Violence renders man “animal-like, violence has something brutish and only the saving intervention of God can restore man’s humanity”. During his General Audience today, Pope Benedict XVI reflected on Psalm 22, a prayer with marked Christological implications, which begins with the words “My God, My God, why have you deserted me?”.

Vatican City (AsiaNews) – Even in the face of an apparent “silence of God”, we must trust in His saving intervention, “God is present” even when we feel deserted, abandoned, in the face of the violence of enemies, a violence which renders the person, “animal-like, violence has something brutish and only the intervention of God can restore man’s humanity.”.

This is the teaching which Pope Benedict XVI drew from Psalm 22, and which he illustrated to over eight thousand people present in the Paul VI Hall for the General Audience.

This Psalm is a “moving prayer of distress”, of “human depth and theological richness”, “of marked Christological implications that continually recall the passion of Jesus”. The psalmist’s words “My God, my God, why have you deserted me?” are indeed the final words of Christ crucified.

What is more, the Psalm, “presents the figure of an innocent man, hunted and surrounded by enemies who want his death; and he turns to God with an anguished lament which, in the certainty of faith, mysteriously becomes praise. In his prayer the distressful reality of the present and the consoling memory of the past alternate in hard won awareness of his desperate situation which, nevertheless, refuses to relinquish hope. His initial cry is a call to God, apparently distant, who gives no reply and appears to have deserted him”:

”God is silent – the Pope continued – and this silence lacerates the soul of the praying person, who calls incessantly, but remains answered. Days and nights pass in the tireless search for a word, for help which fails to come; God appears to be so distant, so unmindful ”. The prayer demands an answer “but if God fails to reply, the cry for help is lost in the void and solitude becomes unbearable. And yet in the cry, three times the person praying our Psalm calls the Lord ‘my’ God, in an act of intense trust and faith. Despite all appearances, the Psalmist cannot believe that the bond with the Lord has been completely severed; and, as he wonders the reason for such apparent incomprehensible desertion, he affirms that ‘his’ God will never abandon him”.

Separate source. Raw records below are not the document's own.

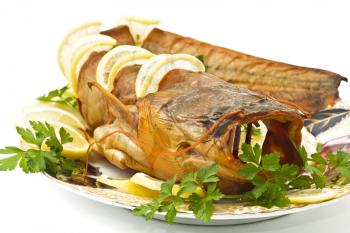 Tasty dinner - fresh-water catfish (sheatfish) with lemon and parsley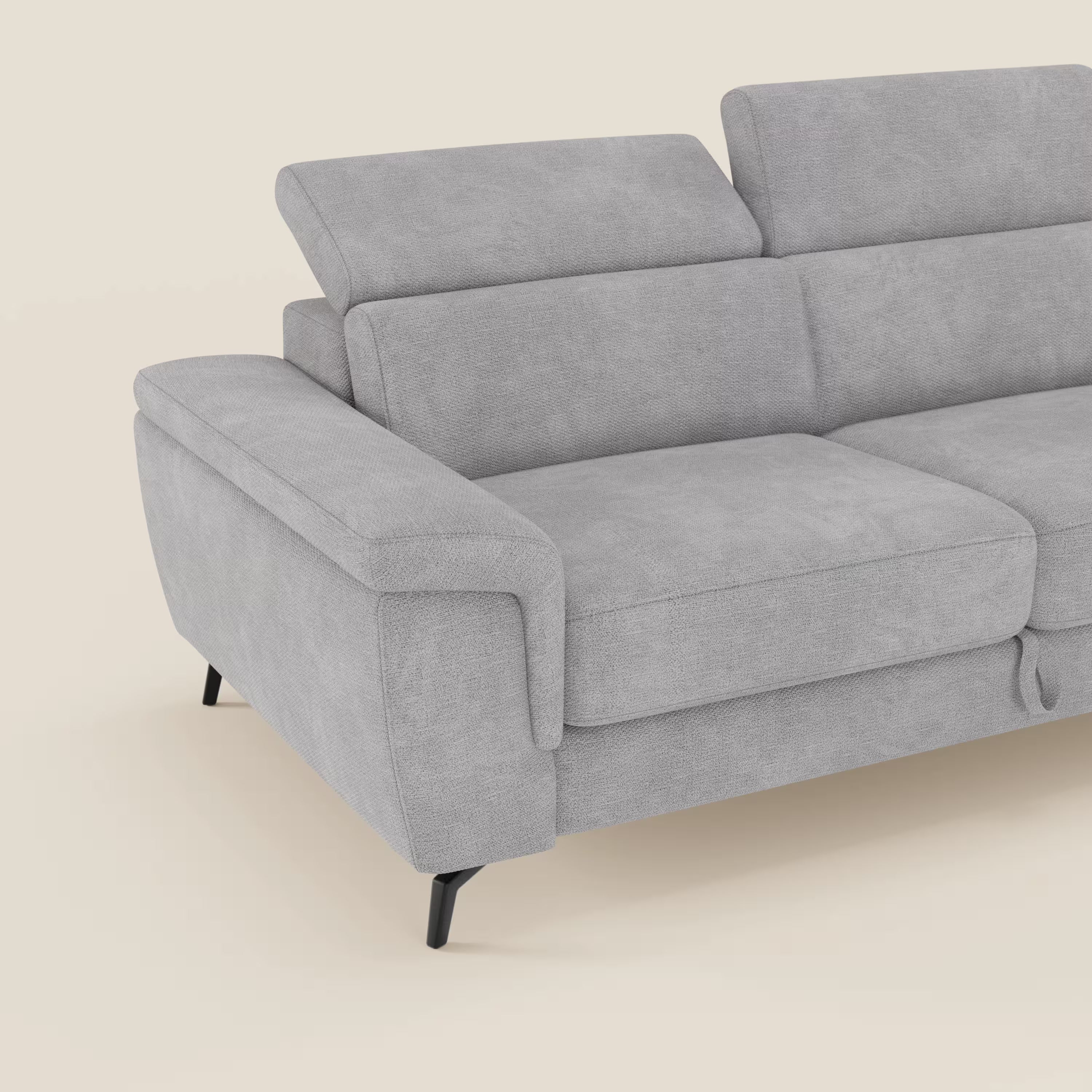 L'Estro Divano 3 posti con pouf estraibile di Divani.Store, in tessuto impermeabile T14 grigio chiaro e poggiatesta reclinabile, è visibile solo in parte su sfondo beige chiaro.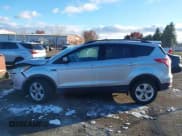 ✅ 2016 Ford Escape SE • VIN: 1FMCU9G98GUA28086 • Lot: 43667528. Listed on IAAI with 27,553 mi. Free auction sales archive from the USA and detailed vehicle history report at DreamBid. Image 14.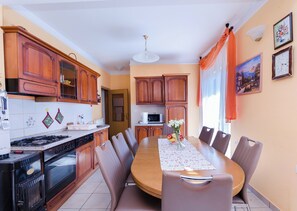 A kitchen with wooden cabinets, a stove, and a dining table with chairs. - Apartments Vesna (Rab)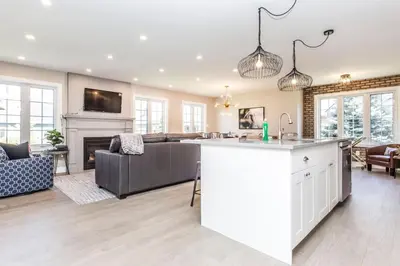 a large kitchen and living room with a fireplace at Boutique Quality in Old Towne with Hot Tub in Niagara on the Lake
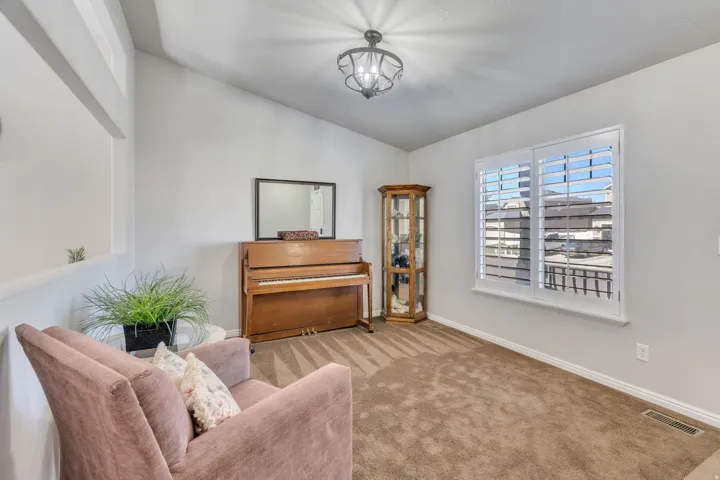 Vaulted ceiling, white walls, and a window with white plantation shutters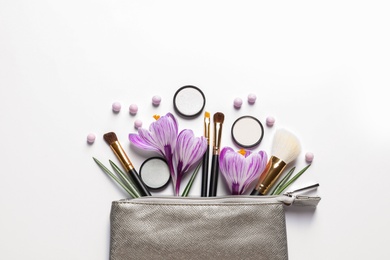 Makeup products, flowers and cosmetic bag on white background, top view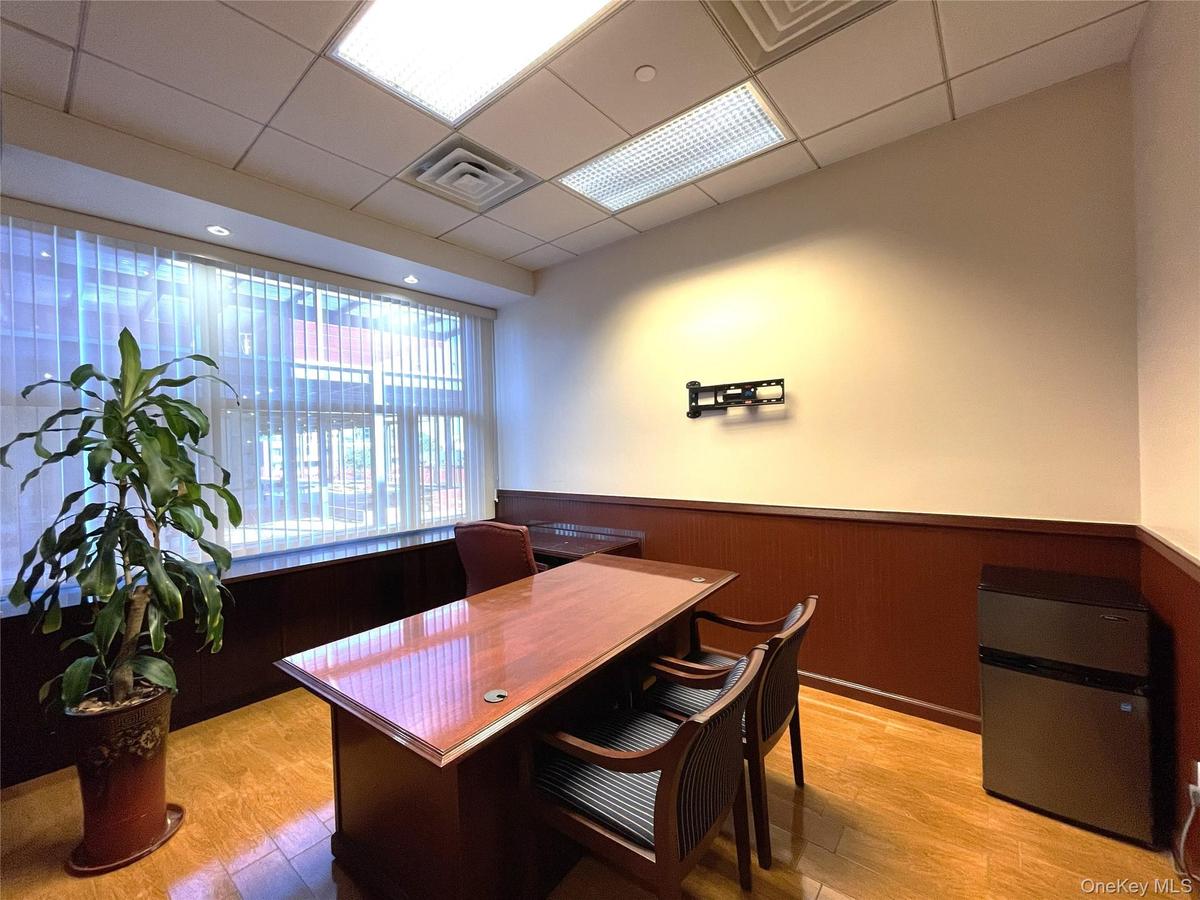 Office featuring wainscoting, a drop ceiling, and wooden walls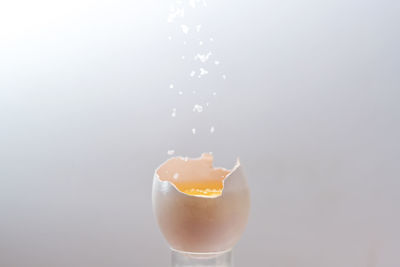 Close-up of drink in glass against white background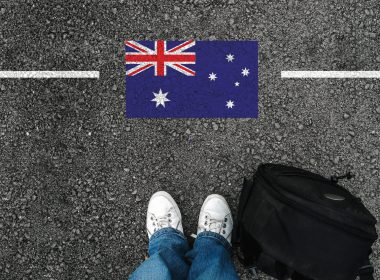 a man with a shoes and backpack is standing on asphalt next to flag of Australia and border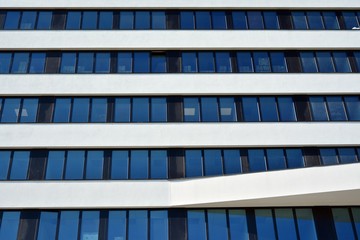 Facade fragment of a modern office building. Exterior of glass wall with abstract texture.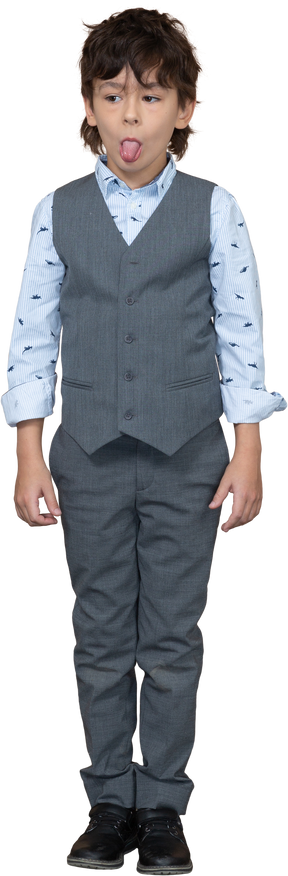 Vista frontale di un ragazzo carino in abito grigio che mostra la lingua e guarda da parte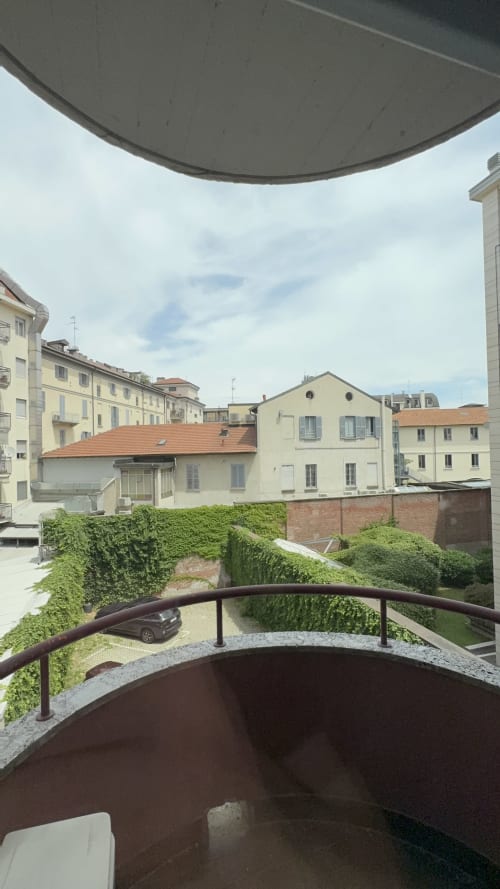 Vista dal balcone della Suite Porta Romana Milano con cortile, muri ricoperti di edera, auto parcheggiata e edifici residenziali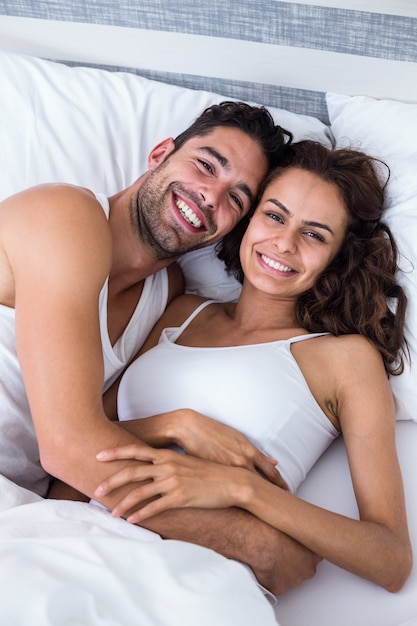 Portrait de joyeux couple de détente sur le lit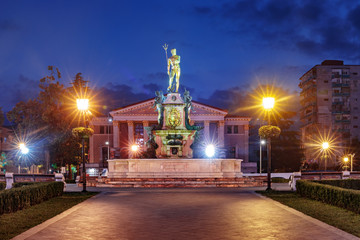 Neptune Monument and Ilya Chavchavadze State Drama Theatre during blue hour in Batumi, Adjara, Georgia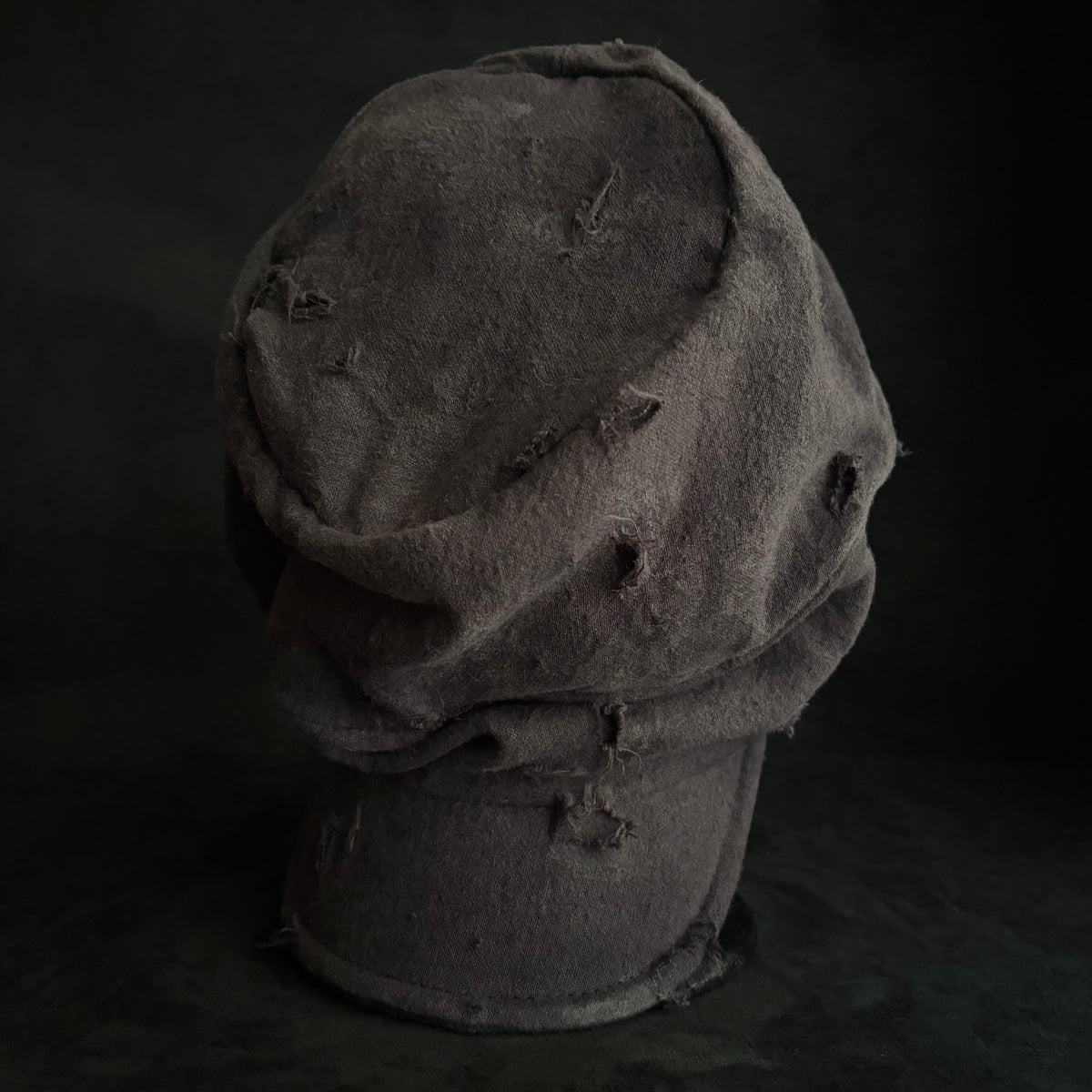 Formerly damage brown linen turn cap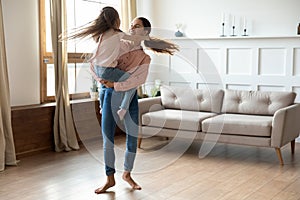 Happy mixed race mommy dancing to music with daughter.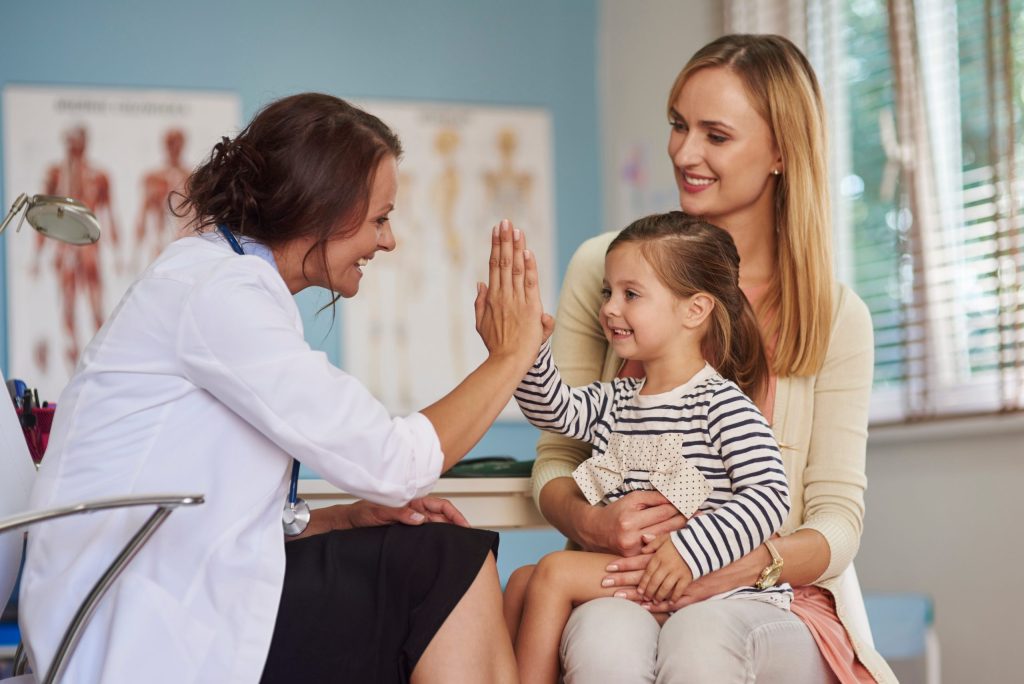 Dentist giving a young girl a high five while her mother holds her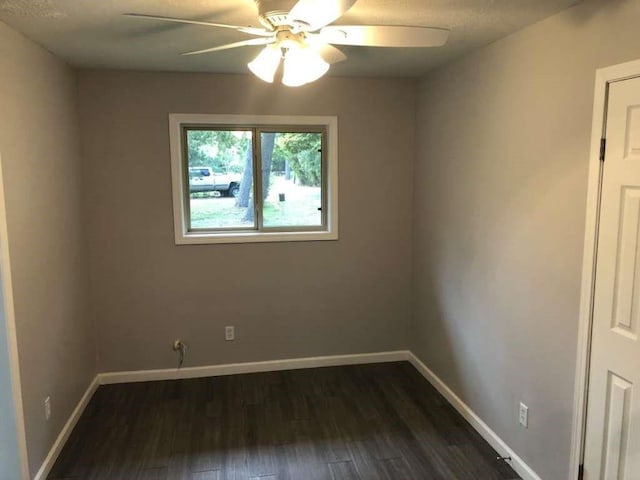 unfurnished room with dark hardwood / wood-style floors and ceiling fan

The cry of the Psalmist, the Pope went on, “ My God, my God why have you deserted me?”, is recorded in the Gospels as the last cry of the dying Jesus. “It expresses all the desolation of the Messiah, the Son of God, who is facing the drama of death, a reality in complete contrast to the Lord of life. Abandoned by nearly all his dear ones, betrayed and disowned by his disciples, encircled by people who insult him, Jesus feels the overwhelming weight of a mission which entails humiliation and annihilation. Hence his cry to the Father, and his suffering adopts the woeful words of the Psalm. But his cry was not one of desperation, and neither was that of the Psalmist who in his supplication walks a tormented path which however finally flows into a perspective of praise and of trust in divine victory. And since in Hebrew custom, the citation of the beginning of a Psalm implied a reference to the whole poem, although the agonising prayer of Jesus retains its charge of unspeakable suffering, it opens to the certainty of glory”.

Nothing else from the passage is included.